8.      Connect Service Terms


8.1 Where the Customer’s Selected Subscription Plan includes the Connect Service, the Customer is deemed to accept this clause 8 in addition to all other Terms in this Agreement.

8.2 The Customer agrees that the Customer:

a. May only provide access to the SaaS, to third parties as Connect End-Users where those third parties are independent of the Customer, and in accordance with any other policies or procedures notified by SuiteFiles from time to time;

b. Is responsible for ensuring that all Connect End-Users are aware of and comply with the terms of this Agreement as if they were party to this Agreement;

c. Is responsible for all access and use of the SaaS by any Connect End-User, including any Data or other content uploaded to the SaaS by any Connect End-User;

d. Must ensure that each Connect End-User keeps all login details for the SaaS confidential and does not share its login details;

e. Must ensure that each Connect End-User complies with all applicable laws, and only uses the SaaS and any Data and other content available in the SaaS for the purpose for which the Customer has provided the Connect End-User with access to the SaaS, in accordance with this Agreement; and

f. Is responsible for ensuring that each Connect End-User is entitled to, and has all appropriate consents in order to, upload any Data to the SaaS, and is entitled to permit SuiteFiles to use and process that Data in accordance with this Agreement.

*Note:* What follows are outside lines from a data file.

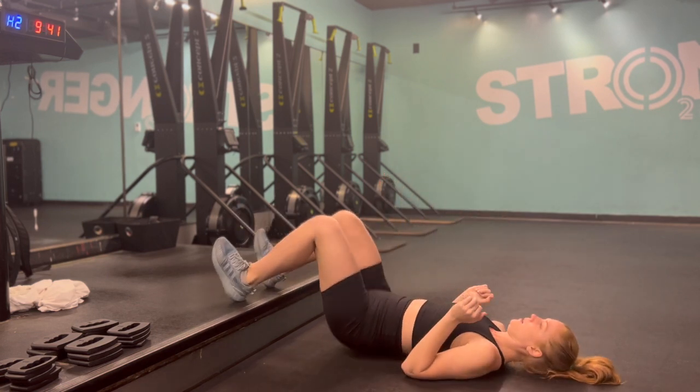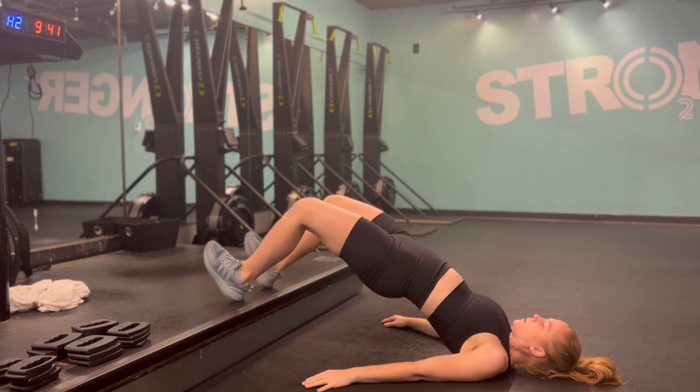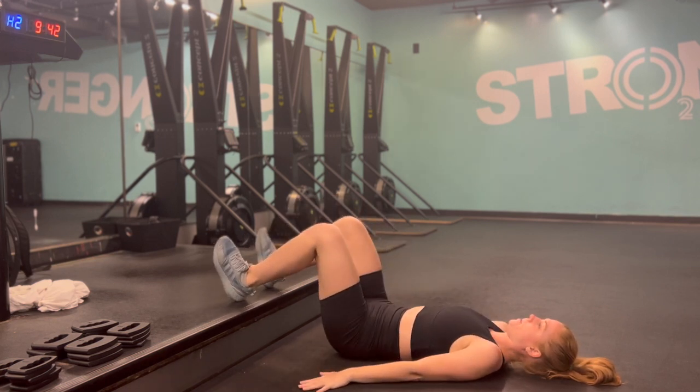Place your heels on an elevated surface — notice it's your heel, not your whole foot. You can use a bench, a stair, a step, a stool, whatever you want, something that's just a little bit higher.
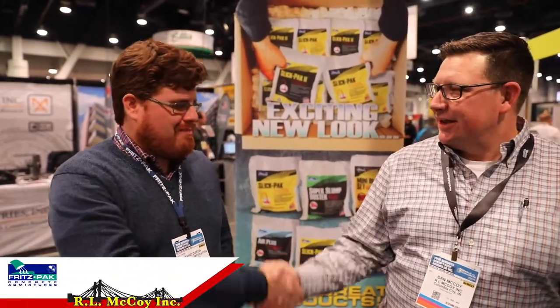Hi guys, Dan McCoy here at World of Concrete 2019 in Vegas. We're at the Fritz Pack booth and David is going to tell us all about Fritz Pack, which we use all the time to prime our pumps. He's got some pretty cool stuff to show us, so take it away.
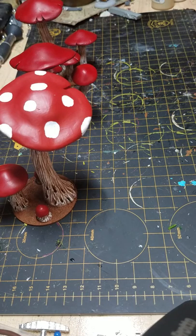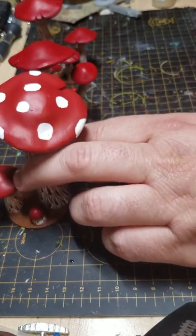Hey y'all, welcome back to another video. The original plan was to do a follow-up to the spider serum video — people had asked a lot of questions about the durability of the spider serum webs and how they'd hold up and if they'd actually be good on a table versus just for dioramas.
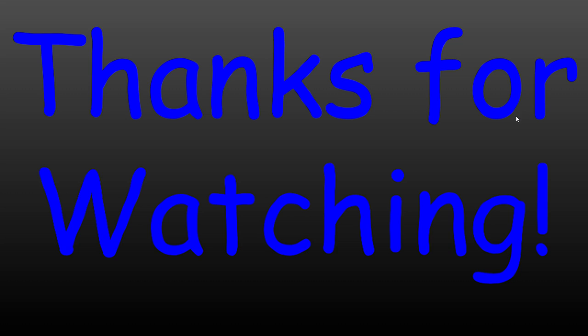That's pretty much it — thanks for watching, it means a lot. If you liked it and think a friend would enjoy it too, feel free to share it with them, and subscribe. Thanks for watching, and I'll see you in the next video!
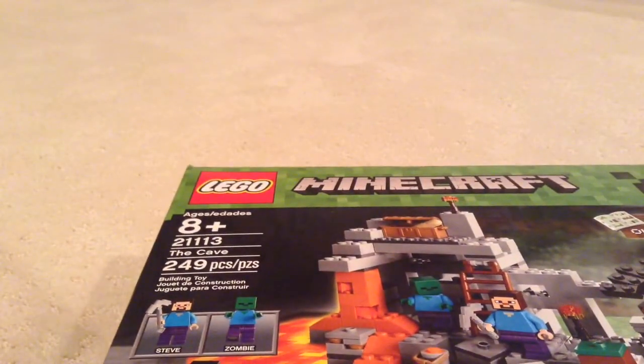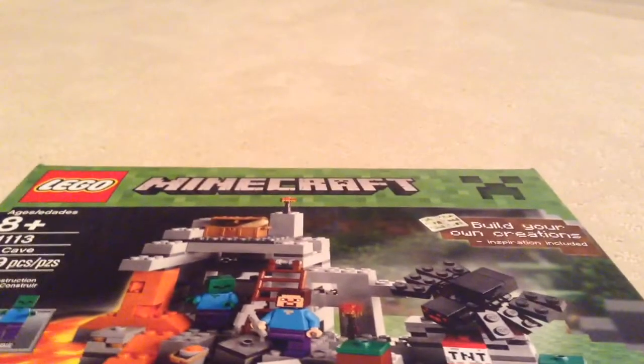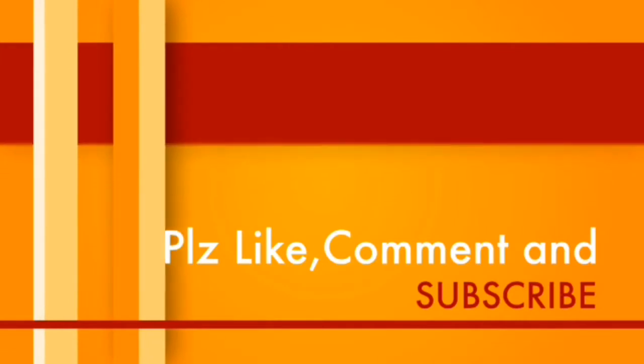It has 249 pieces and it comes with three minifigures: Steve, a zombie, and a spider. It is ages 8 and up. Be expecting a review of this pretty soon. Please like and subscribe to this video and I will see you all later, bye!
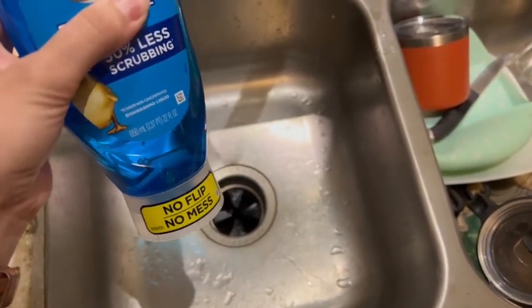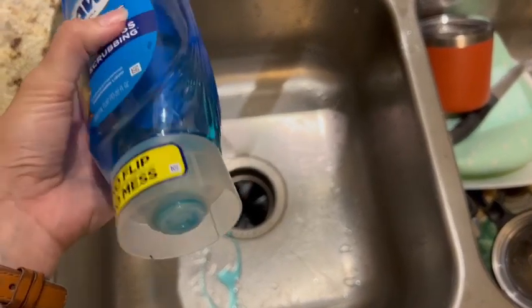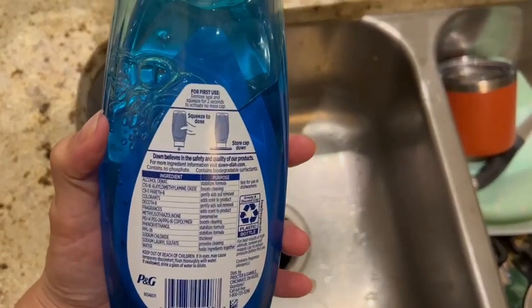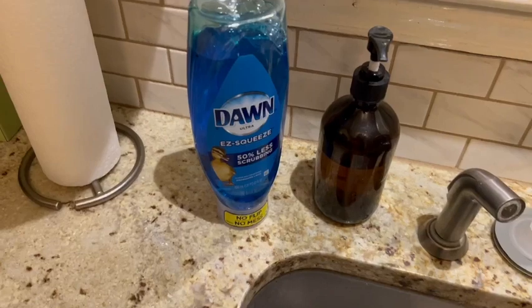You just squeeze and it will close up as soon as you're done squeezing. We've never had any droplets come out when it's on the counter, so I was very impressed with that. The regular Dawn dish soap works great, so all around a really great product to have.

8.3 The Customer accepts that it is responsible for monitoring the access and use of the SaaS by all Connect End-Users, and ensuring that such access and use complies with this Agreement;

8.4 Any non-compliance by a Connect End-User is deemed to be a breach by the Customer of the Agreement and the Customer will be liable for that breach accordingly.

8.5 SuiteFiles may suspend any Connect End-Users access to the SaaS at any time if SuiteFiles considers it necessary to ensure compliance with this Agreement or any applicable law.

9.      Digital Signing Service Terms


9.1 Where the Customer’s Selected Subscription Plan includes the Digital Signing Service, the Customer is deemed to accept this clause 9, in addition to all other Terms in this Agreement.

9.2 SuiteFiles’ only role is to provide the Service. SuiteFiles has no involvement in any Source File, Signed File or Service Document and accepts no responsibility or liability in respect of the content or otherwise, except to the extent of providing the Service.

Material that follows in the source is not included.